# Could chiropractic treatment be helpful?



## whatislife (Aug 19, 2019)

Anyone with DPDR have experience with visiting a chiropractor? Did it help with your symptoms? This disorder seems to be related to an overstimulated nervous system and ive read that an adjustment can help treat the nervous system. When I feel into my body there seems to be a nonstop pounding sensation which I'm assuming is related to my nervous system because I don't know what else it could be. I'd like to hear some experiences here with chiros.


----------



## Chip1021 (Mar 24, 2018)

I've seen a chiropractor about my condition. I could feel better during the very moment that he was "doing his thing", but it was just fleeting. Similar to how I feel better when I sneeze. There's a brief moment of "aliveness", but it doesn't last.


----------



## 123456 (Dec 15, 2016)

Not sure if it counts as chiropractic, but I've seen people say their brain fog improved immediately during cervical traction, but I think it reverts back to normal without further treatment. These were people with ME/CFS who were being investigated for spinal issues like CCI/AAI/chiari.

It would be interesting to see if there is any crossover with DP/DR sufferers, but the testing is expensive and I'm not sure how to find a physiotherapist familiar with these sorts of issues.


----------



## tedstriker1 (Dec 12, 2017)

I'm about to Google, but I just wondered if you knew anything more about DPDR being a reaction to an overactive nervous system, it sounds interesting.


----------



## forestx5 (Aug 29, 2008)

I saw a chiropractor for my symptoms. He helped quite a bit. I do have dp/dr, but I also have occasional ower back pain and weakness. Spinal manipulation has no effect on my dp/dr.
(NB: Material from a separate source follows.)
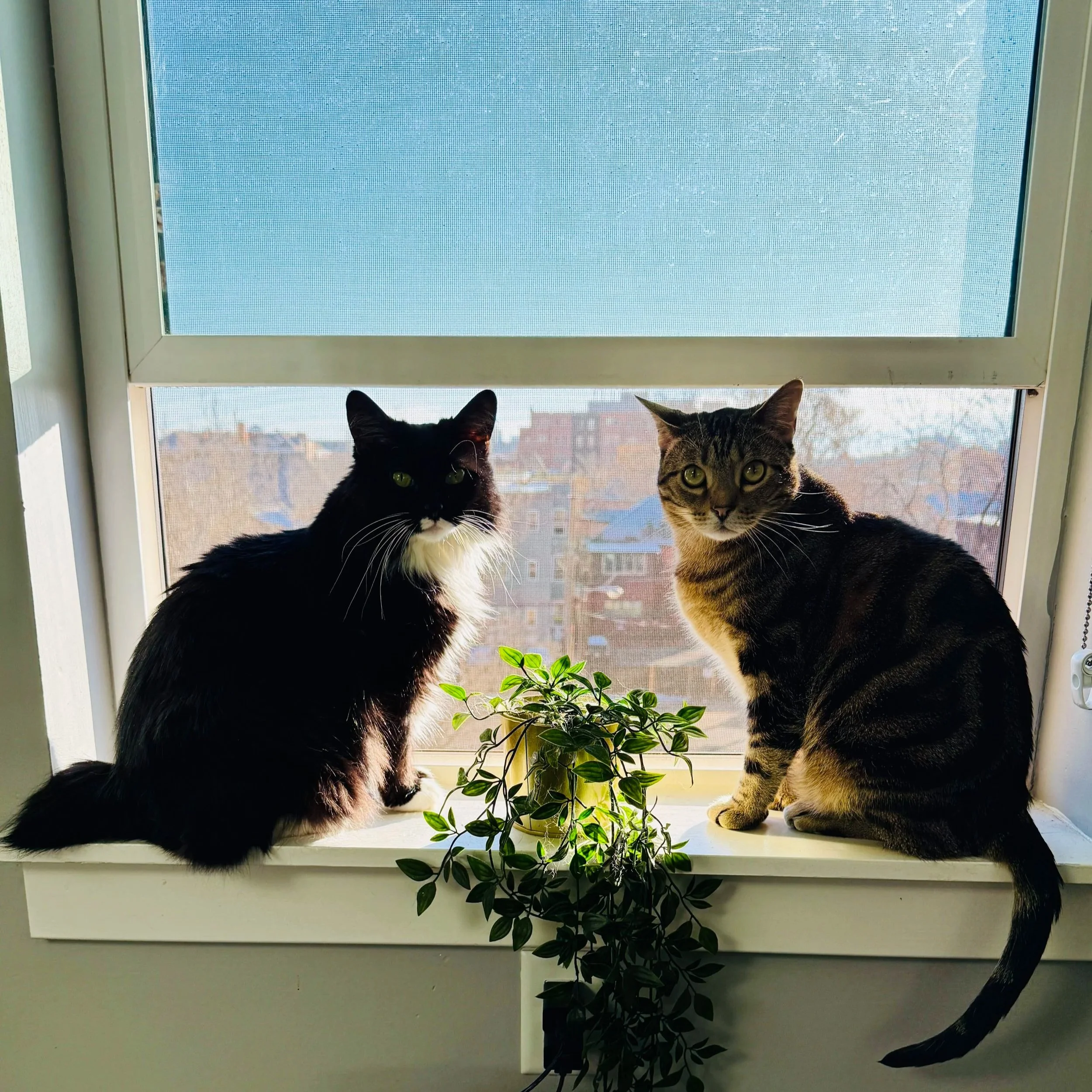 Two cats sitting on a windowsill with a green potted plant in between, overlooking a cityscape in the background.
It does help with the lower back issues.


----------



## Layne (Jul 12, 2019)

Chiropractic is not quackery. Some chiropractors are not very good, a few even dangerous. But the same can be said for most other doctors. Many people have been enormously helped by chiropractic, including myself. To see Wikipedia basically spout the 50-year+ old AMA line about Chiropractic being pseudoscience is almost beyond belief.

Talk to people who've gone to chiripractors. Ask which ones are good. I would recommend a person go to one whose approach is upper cervical, or utilizes some other gentle techniques. Upper cervical chiropractic changed my life, and vastly improved my mood and disposition. I would highly recommend people at least look into it to see whether it might be helpful.


----------



## Chip1021 (Mar 24, 2018)

There is a difference between symptoms and diseases, and I think that is where a lot of this debate about what is "quackery" is really about.

Chiropractic techniques have not been demonstrated to treat any known diseases, and have been known to exacerbate some. In as much as chiropractors theorize how their treatments "work", that could be rightly classified as pseudoscience or quackery.

On the other hand, countless individuals can attest to how chiropractors are the only ones who have helped their various discomforts, and in the end, isn't that what matters when you are suffering?

In other words, I would place chiropractors in the same category as I place psychiatry, or religion for that matter.


----------



## Layne (Jul 12, 2019)

Chip1021 said:


> On the other hand, countless individuals can attest to how chiropractors are the only ones who have helped their various discomforts, and in the end, isn't that what matters when you are suffering?


So if I hear you correctly, you're essentially saying that sometimes "pseudoscience" medical treatment is superior to medical treatment that's supposedly--and widely accepted--as being based on so-called "science". Wouldn't that go against the prevailing notion that "pseudoscience" is inferior to "science"?

In the end, always look closely at the myriad of conflicts surrounding the financial and political forces that are making the case for either one. Wikipedia gets a catastrophic failing grade in this department, as it's rife with these conflicts.


----------



## Chip1021 (Mar 24, 2018)

Layne said:


> So if I hear you correctly, you're essentially saying that sometimes "pseudoscience" medical treatment is superior to medical treatment that's supposedly--and widely accepted--as being based on so-called "science". Wouldn't that go against the prevailing notion that "pseudoscience" is inferior to "science"?
> 
> In the end, always look closely at the myriad of conflicts surrounding the financial and political forces that are making the case for either one. Wikipedia gets a catastrophic failing grade in this department, as it's rife with these conflicts.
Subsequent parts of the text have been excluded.